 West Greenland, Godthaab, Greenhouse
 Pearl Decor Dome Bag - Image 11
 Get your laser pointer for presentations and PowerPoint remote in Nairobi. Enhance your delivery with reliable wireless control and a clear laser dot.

- **The task**:
Transcribe the material above in full, keeping each word unchanged.

- **Result of this task**:
 West Greenland, Godthaab, Greenhouse
 Pearl Decor Dome Bag - Image 11
 Get your laser pointer for presentations and PowerPoint remote in Nairobi. Enhance your delivery with reliable wireless control and a clear laser dot.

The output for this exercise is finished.